Estimation of the dispersion from the data

skultrafast can estimate the dispersion by first using a heuristic which estimates the time-zero for each wavelengths. The resulting curve is then fitted with a polynomial using a robust fitting method. The robust method is necessary since the heuristics are error-prone.

Heuristics

skultrafast comes with different heuristics to estimate the time-zero from a single trace. The heuristic functions are located in the zero_finding module. Additionally, user-given heuristics are supported. Working directly with the functions should not be necessary, when using the TimeResSpec class.

  1. use_diff, returns the index where the largest signal change is located.

  2. use_max, returns the index with the largest positive signal. This useful when the cross-phase modulation or two-photon contributions are strong, e.g. when measuring solvent signals.

  3. use_gaussian, returns the index where the convolution with the first derivative of an gaussian is the largest. This works like a averaged version of use_diff.

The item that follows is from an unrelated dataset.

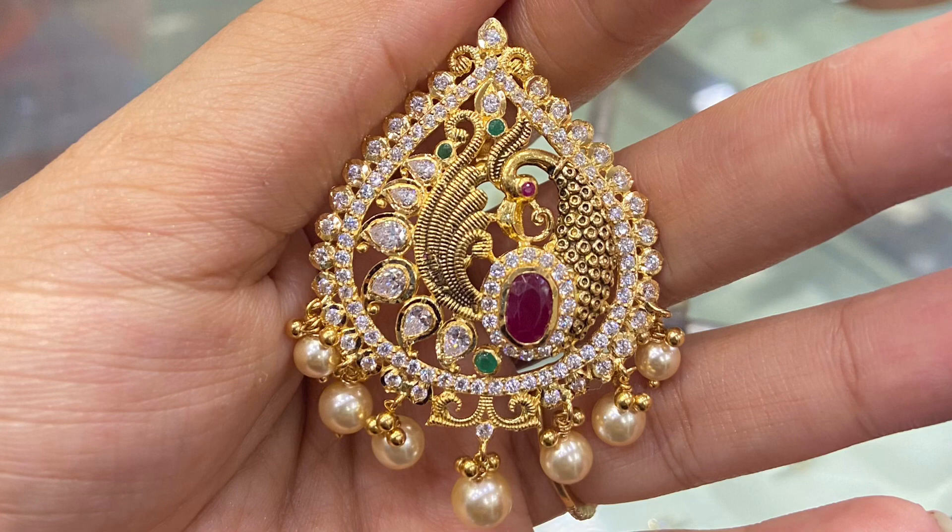Next, this is a tikka that is already available. It is heavy and is the latest trend. It features a red color pearl in an oval shape. The weight and price is the same as the previous one — 10 grams of weight — and it costs around 58,000 to 60,000.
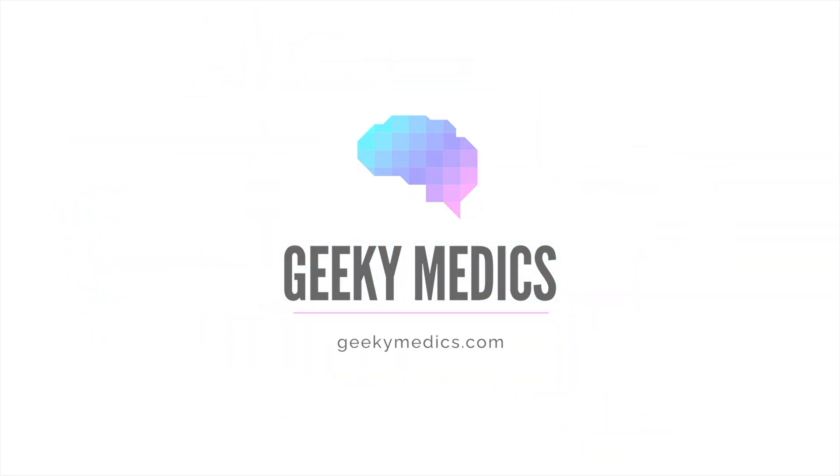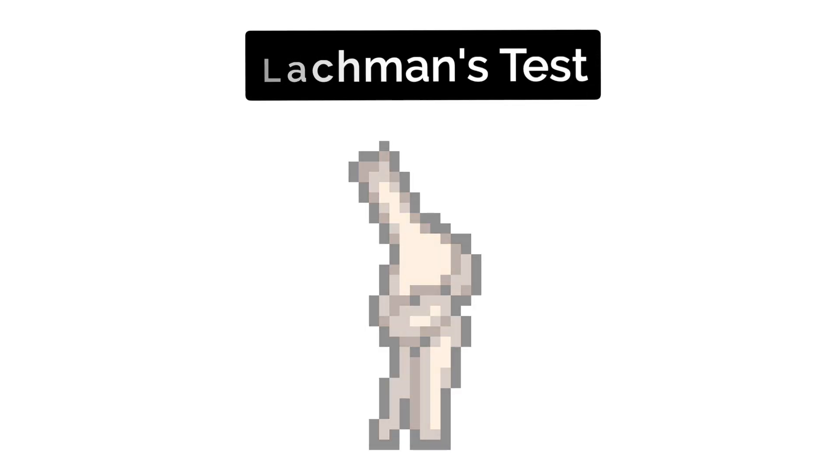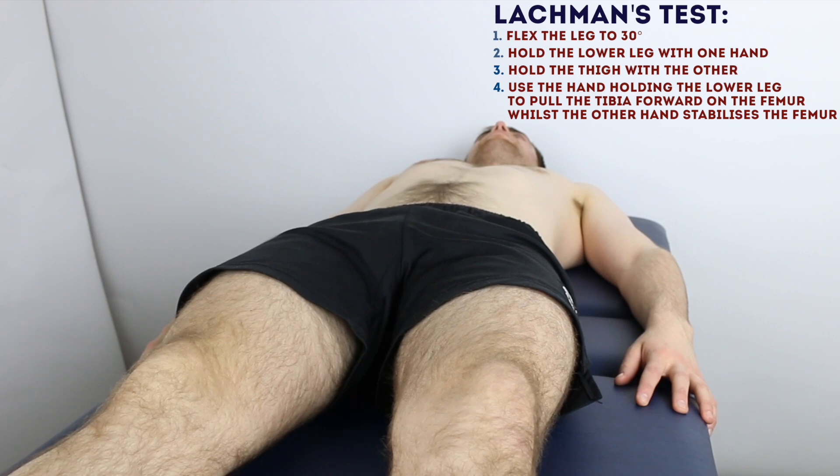The American Pronunciation Guide presents: How to Pronounce Pressure. Apply some pressure to the front and the back. Do let me know if there's any pain at all.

  4. use_first_abs, returns the earliest index where the absolute of the signal is above a given threshold. The methods works best when the threshold is small, therefore indicating the first signal contributions above the noise floor. This captures the dispersion curve quite well, minus a slight offset, since it captures the beginning of the pump-probe interaction.

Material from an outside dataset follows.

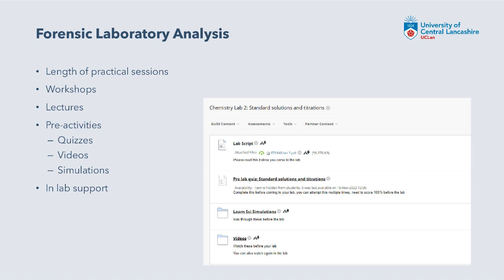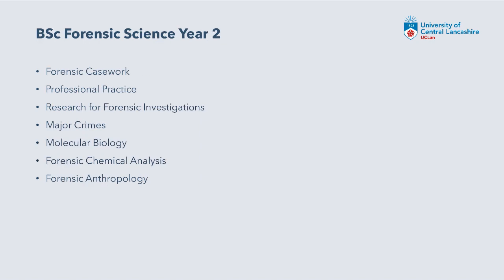All labs are now double staffed, whether that's two staff members or a staff member and a postgraduate demonstrator. For our forensic science year two course, the modules include forensic casework, professional practice, research for forensic investigations, and major crimes as core modules. Optional modules include molecular biology, forensic chemical analysis, and anthropology - all quite heavily practical based. The highlighted ones are modules we've produced videos for.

The image below compares the results of the different heuristics on a real signal. The signal has strong coherent contributions.

(Source code, svg, png)

_images/zero_finding_lot.svg

The top figure shows a signal and resulting estimates for the different heuristics. The horizontal lines mark the value used by the use_first_abs method. The middle figure shows the difference between sequential points, use_diff just returns the absolute argmax of this differences. The bottom figure shows the convolution with the first derivative of a gaussian with the signal. Again, use_gaussian just returns the absolute argmax of the convolution. The sigma is given in data-points.

Since the signal show strong coherent effects, the use_max method is the method of choice for this trace. But on other wavelengths, the non-coherent signal is stronger and that method may fail. Since both methods based on derivatives differ only by one point and are less suspisusceptible may be the better choice. Looking at the figure, one may be thinking that the use_first_abs heuristic is useless, because it is clearly giving an too early estimatation. But since happens for almost all signals, the heuristic is very useful since it reproduces the (offsetted) dispersion curve quite well.

Robust fitting

In the second step, the resulting \(t_0(\omega)\) data is approximated with a polynomial of low degree, using a robust fitting method form statsmodels. The regression of the time-zeros uses wavenumbers as the depend variable, since the dispersion is proportional to the frequency.

Using the estimate

There are three different ways to use the resulting dispersion curve.

  1. Use linear interpolation to correct the dispersion. Here, for every channel we interpolate the data by shift the data-points from (t, y) to (t - disp(wl), y_new).

  2. The new values are used to generate binning borders, which are then used to generate the new t-vector.

  3. We fit a full model in which the dispersion is explicitly modeled.

For a quick exploration, I recommend the first method. An interpolated dataset is necessary for plotting spectra and maps anyway.